La titrisation, concurrent ou complément du “Pfandbrief” dans le financement des collectivités locales ?

Dossier : Les collectivités localesMagazine N°543 Mars 1999
Par Richard WEISS (72)

Les col­lec­ti­vi­tés locales consti­tuent un vec­teur majeur de la crois­sance éco­no­mique dans la plu­part des pays déve­lop­pés. Quelle que soit la répar­ti­tion des mis­sions entre les dif­fé­rents niveaux de gou­ver­ne­ment, les col­lec­ti­vi­tés locales ont des besoins de finan­ce­ment qui les placent par­mi les grands emprun­teurs de chaque pays, même si les moda­li­tés de ce finan­ce­ment varient d’un pays à l’autre.
À l’heure où l’euro devrait uni­fier, au niveau euro­péen, le mar­ché du finan­ce­ment des col­lec­ti­vi­tés locales, la France envi­sage de réfor­mer le sta­tut des socié­tés de cré­dit fon­cier, pour le rendre plus sem­blable à celui des banques hypo­thé­caires alle­mandes. Celles-ci financent en effet leurs col­lec­ti­vi­tés locales en émet­tant des “ Pfand­briefe ”, simi­laires aux lettres de gage, qui connaissent un suc­cès remar­quable sur les mar­chés mon­diaux de capitaux.
Pour­tant, en exa­mi­nant deux autres formes de finan­ce­ment (l’émission directe et la titri­sa­tion), on peut s’interroger sur les avan­tages qu’apporteront aux col­lec­ti­vi­tés locales fran­çaises les socié­tés de cré­dit fon­cier “ à l’allemande ”.
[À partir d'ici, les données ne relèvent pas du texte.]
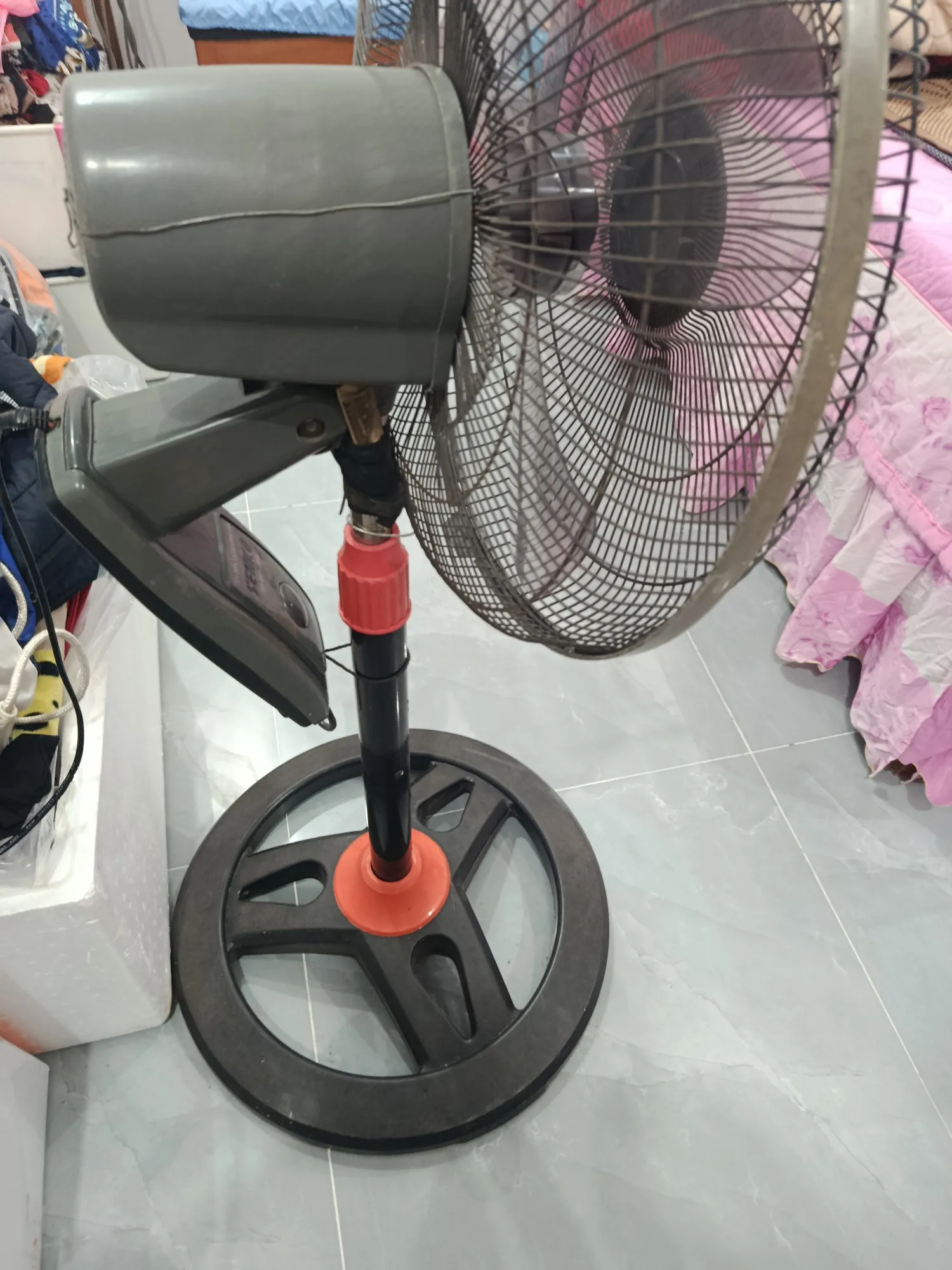 Con g&aacute;i &ocirc;ng chủ tiệm điện m&aacute;y g&acirc;y x&ocirc;n xao với bức ảnh quạt trong nh&agrave; vệ sinh - Ảnh 8.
Des situations très différentes

La France et l’Al­le­magne dif­fèrent tant par la struc­ture de leur mar­ché de prêts que par leurs moda­li­tés de fonc­tion­ne­ment. En Alle­magne, la plus grande par­tie du finan­ce­ment des col­lec­ti­vi­tés locales est assu­rée par une cin­quan­taine de « banques hypo­thé­caires », socié­tés à sta­tut spé­cial émet­tant des obli­ga­tions « Pfand­briefe« 1 dont les por­teurs ont un « pri­vi­lège » sur une par­tie du patri­moine de l’émetteur.
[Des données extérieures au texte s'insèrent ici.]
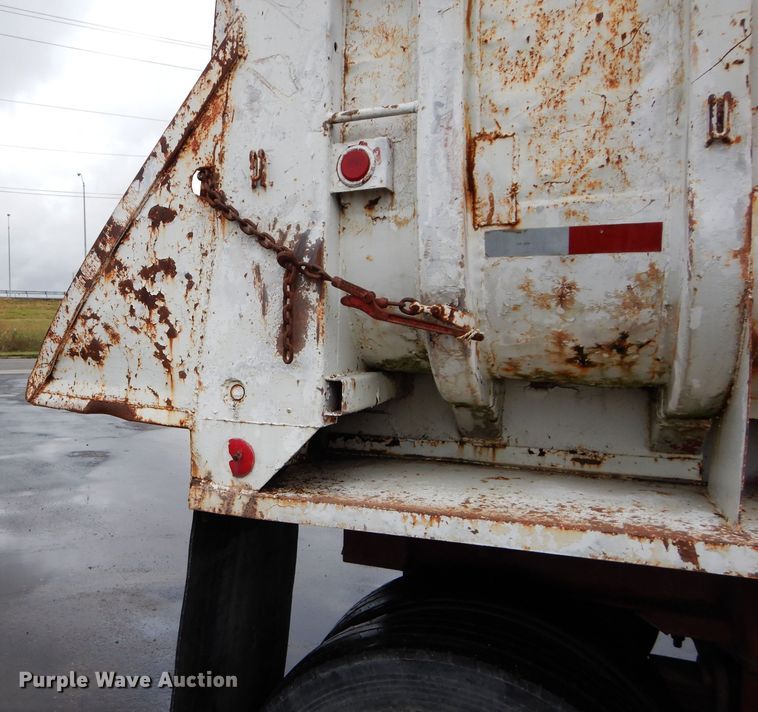 image for item DM0634 1974 Fruehauf  dump trailer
En France, seuls deux éta­blis­se­ments, le Cré­dit Fon­cier de France (CFF) et le Cré­dit Fon­cier et Com­mu­nal d’Al­sace Lor­raine (CFCAL) ont été auto­ri­sés à émettre des titres sem­blables aux « Pfand­briefe », mais ont à peine uti­li­sé cette pos­si­bi­li­té. Les émis­sions directes concernent chaque année moins d’une dizaine de col­lec­ti­vi­tés, et le recours à la titri­sa­tion, autre moyen de contour­ner le sys­tème ban­caire, a été jus­qu’à pré­sent négligeable.

Cette situa­tion est sans doute impu­table à la struc­ture du mar­ché fran­çais, aux coûts d’une émis­sion directe et aux dif­fi­cul­tés, il est vrai décrois­santes, à mon­ter une opé­ra­tion de titri­sa­tion sur des actifs complexes.

Le terme struc­ture de mar­ché est sans doute inap­pro­prié puisque, par­mi tous les éta­blis­se­ments fran­çais, seuls le CFF et le CFCAL peuvent émettre des obli­ga­tions fon­cières. Or le CFCAL ne consent guère de prêts aux col­lec­ti­vi­tés locales, et le CFF n’a­vait récem­ment en cir­cu­la­tion pas plus de dix mil­liards de francs fran­çais d’o­bli­ga­tions com­mu­nales. Dans ces condi­tions, pour­quoi n’a-t-on pas vu plus de col­lec­ti­vi­tés sol­li­ci­ter direc­te­ment les mar­chés, ou plus d’é­ta­blis­se­ments de cré­dit titri­ser leurs prêts aux col­lec­ti­vi­tés locales ?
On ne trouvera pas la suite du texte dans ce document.